Saved entries
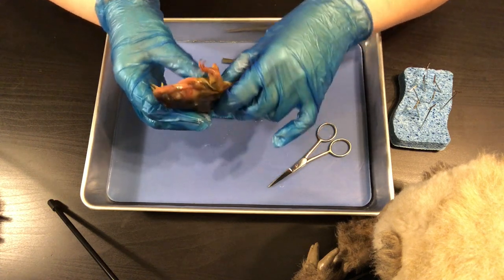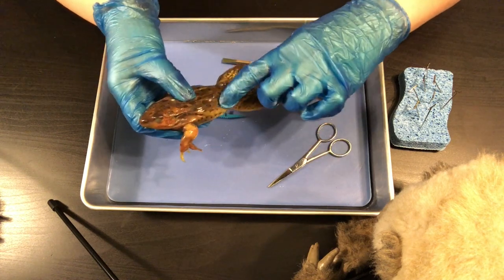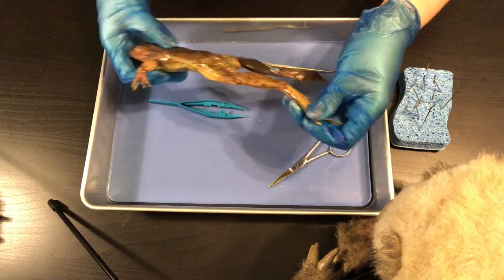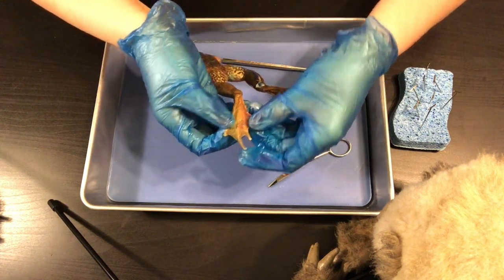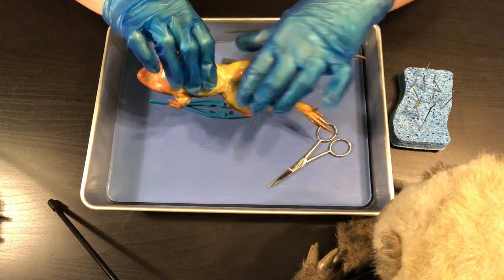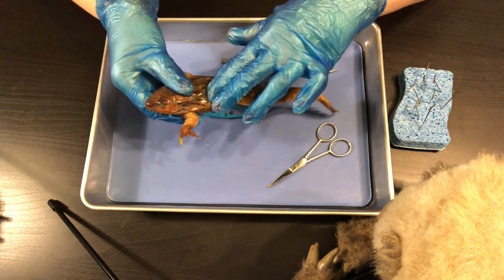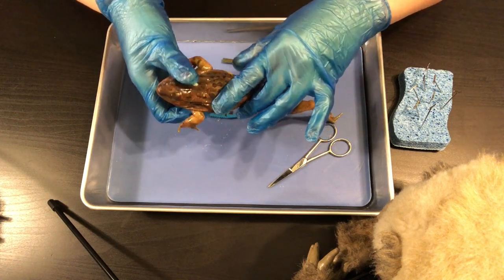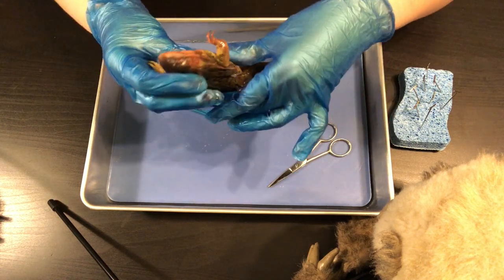I want to point out a few things about your frog from the outside. Remember that frogs are amphibians, so they have webbed feet — you can see their webbed toes right here. They also have really strong leg muscles that help them hop around, and skin that they're able to breathe through. They can absorb oxygen through their skin because they live on land and in water.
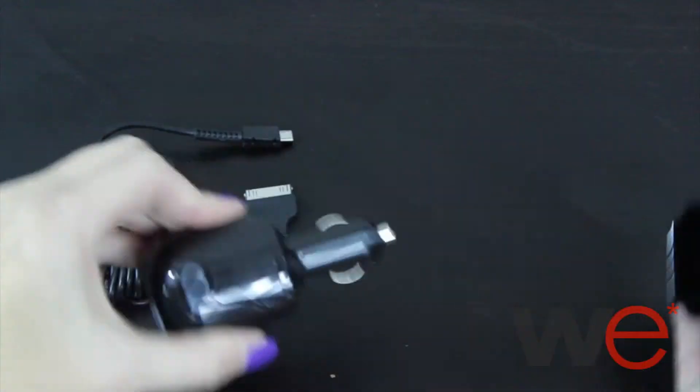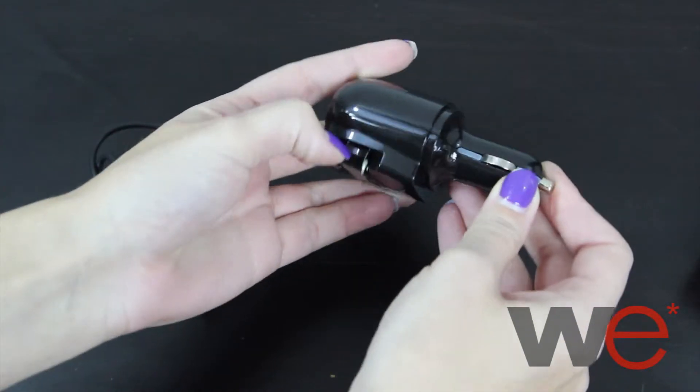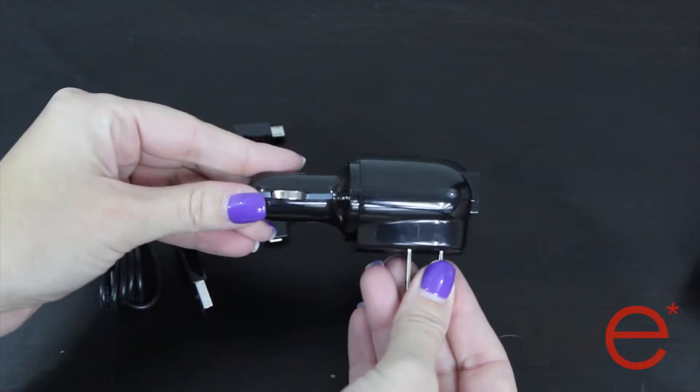This is the Nasdaq Dual USB 3-in-1 Home and Car Charger. This 3-in-1 charger allows you to charge almost any device at home or in the car. It comes with a micro USB cable as well as an adapter for Apple products.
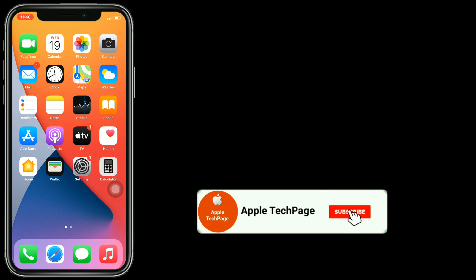Thanks for watching this video. Do like, share and subscribe to Apple Tech page.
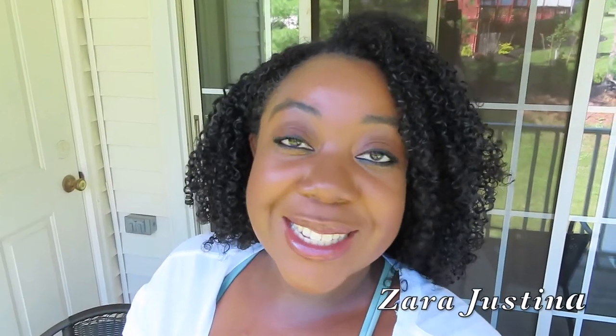Hey guys, welcome back to my channel. So today I'm going to be doing a fun DIY video and I'm making it like vlog style, so I'll be bringing you guys along with me today.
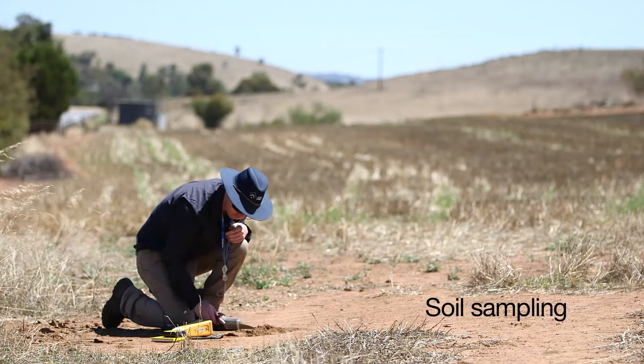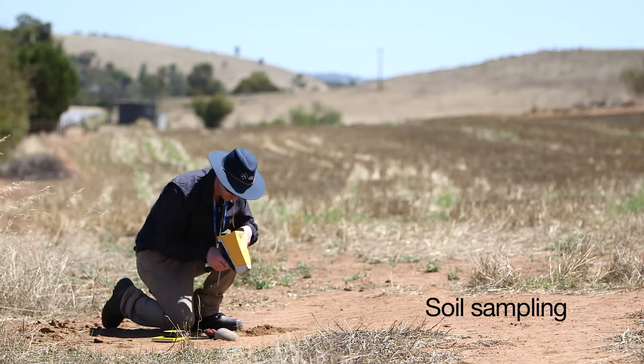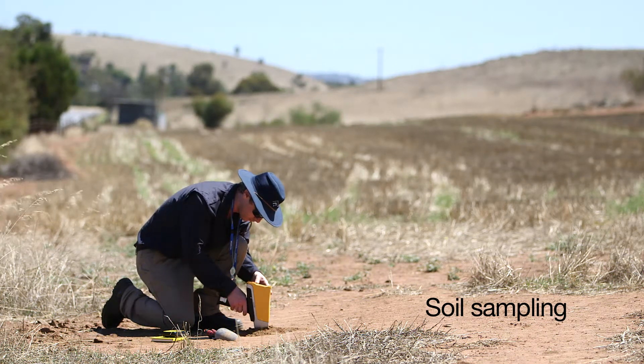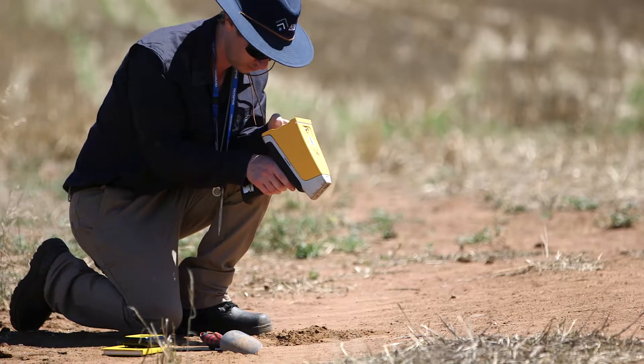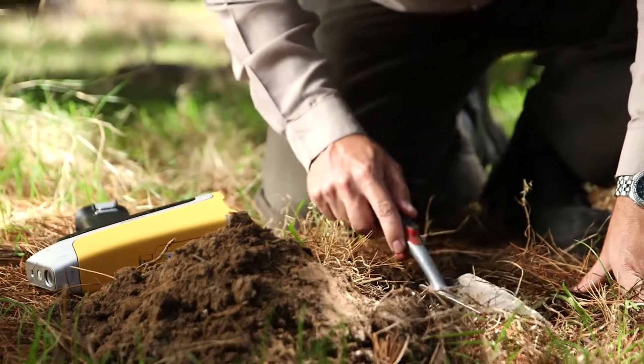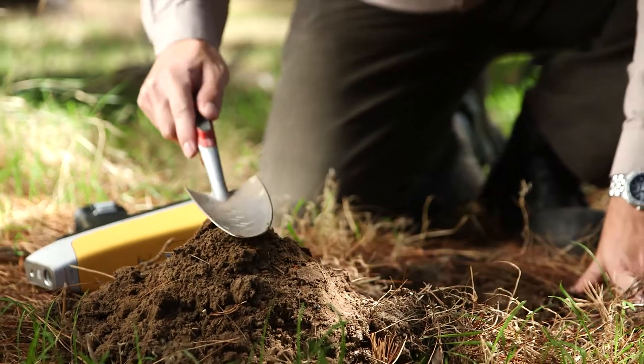XRFs are generally used in two ways during the soil sampling phase. Most often, grids are set up where samples are collected on a grid spacing which will vary depending on the commodity they're searching for and the project. They will go around with the portable XRF, take samples from the top, potentially digging past the A or B horizon.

→ Task objective:
Transcribe each entry above without alteration, but keep the pictures out.

→ Task response:
I want to point out a few things about your frog from the outside. Remember that frogs are amphibians, so they have webbed feet — you can see their webbed toes right here. They also have really strong leg muscles that help them hop around, and skin that they're able to breathe through. They can absorb oxygen through their skin because they live on land and in water.
This is the Nasdaq Dual USB 3-in-1 Home and Car Charger. This 3-in-1 charger allows you to charge almost any device at home or in the car. It comes with a micro USB cable as well as an adapter for Apple products.
Thanks for watching this video. Do like, share and subscribe to Apple Tech page.
Hey guys, welcome back to my channel. So today I'm going to be doing a fun DIY video and I'm making it like vlog style, so I'll be bringing you guys along with me today.
XRFs are generally used in two ways during the soil sampling phase. Most often, grids are set up where samples are collected on a grid spacing which will vary depending on the commodity they're searching for and the project. They will go around with the portable XRF, take samples from the top, potentially digging past the A or B horizon.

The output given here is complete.